Ichnofossil, 2009 (and Over 65 Million Years Ago)
Recently, while rooting through the spoils piles of material dredged in the building and maintenance of the Chesapeake and Delaware Canal, I came across a small fossilized shell, a single valve from a pelecypod known as Exogyra – a mollusk. This particular specimen, 2 cm or a bit more than 3/4ths inch in length, lived in the Cretaceous period. As I turned it over, I realized that I could tell, with some certainty, how this specific organism had died. There, up toward the beak (the point at which initial growth of the shell begins), was a dark hole that something cut through the shell millions of years ago; the hungry perpetrator (a gastropod is the likely suspect) then digested its prey. As stark as a bullet hole in a skull. (Oh, sure, I do know about that because I watch Bones and all of TV shows with forensic scientists, medical examiners, and pathologists.)
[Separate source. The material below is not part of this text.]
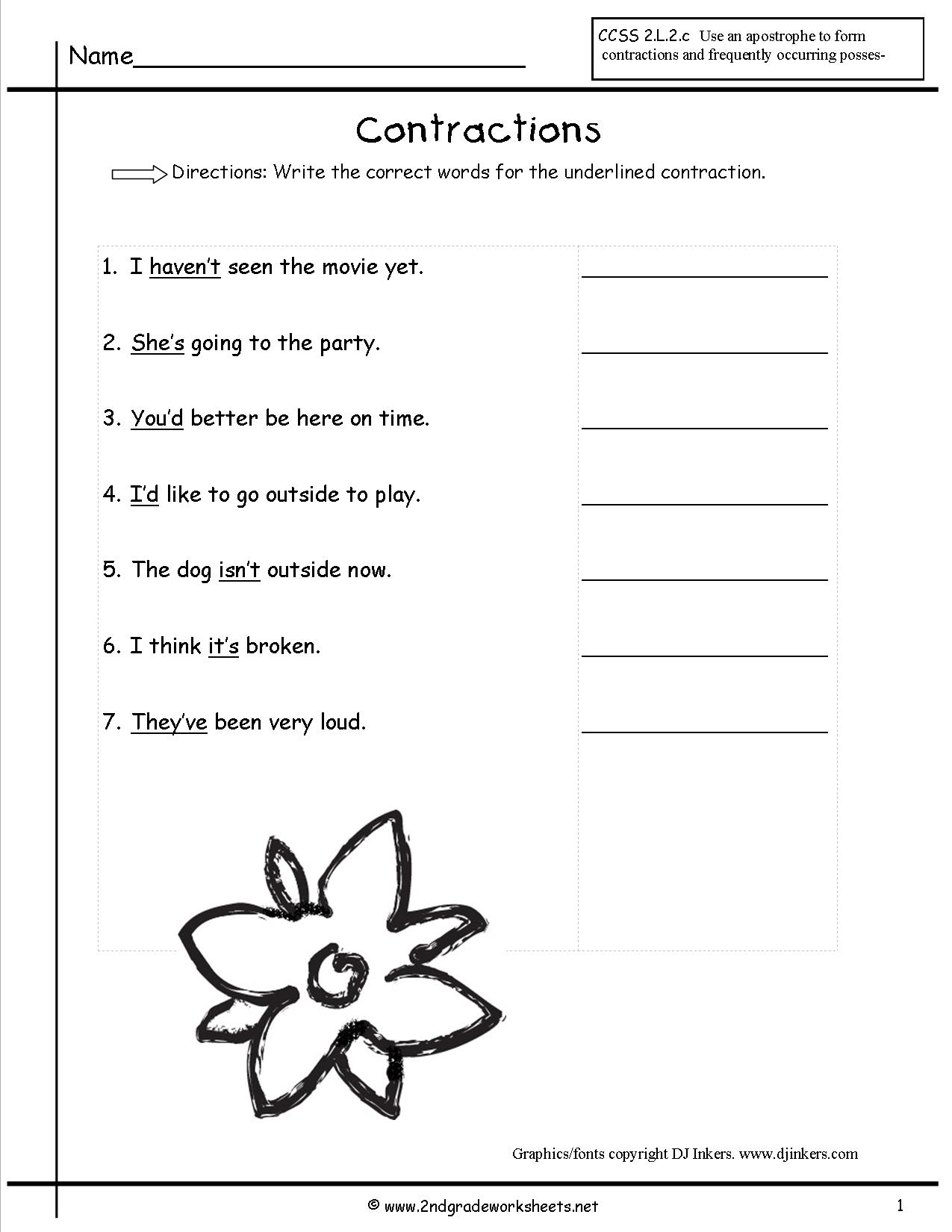 Printable Contraction Worksheets 2Nd Grade Lexia s Blog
This find is a two-in-one. The hole is itself a trace fossil. It is likely that this hole is the ichnofossil known as Oichnus Bromley 1981 (this is the name of the trace fossil, not of the organism that made it). Here’s Richard Bromley’s cautionary note about what we may not actually know from this ichnofossil:
Oichnus is produced by a wide range of trace-making organisms. As the trace fossils contain few fingerprints to indicate the taxonomic position of the trace-maker, confident identification of the borer is not common. Small (millimetric) round drill-holes are dominantly produced today by predatory gastropods of the Naticidae and Muricacea, both arising in the Cretaceous . . . . (A Stratigraphy of Marine Bioerosion, a chapter by Richard G. Bromley in The Application of Ichnology to Palaeoenvironmental and Stratigraphic Analysis, edited by D. McILroy, 2004, p. 467 – link here
“Few fingerprints” – ah, crime scene language. The perp left few fingerprints and we’re not sure who did the foul deed, but, we know from that hole generally what happened.
Ichnofossils and home movies – simultaneously useful and frustrating, and on occasion very startling.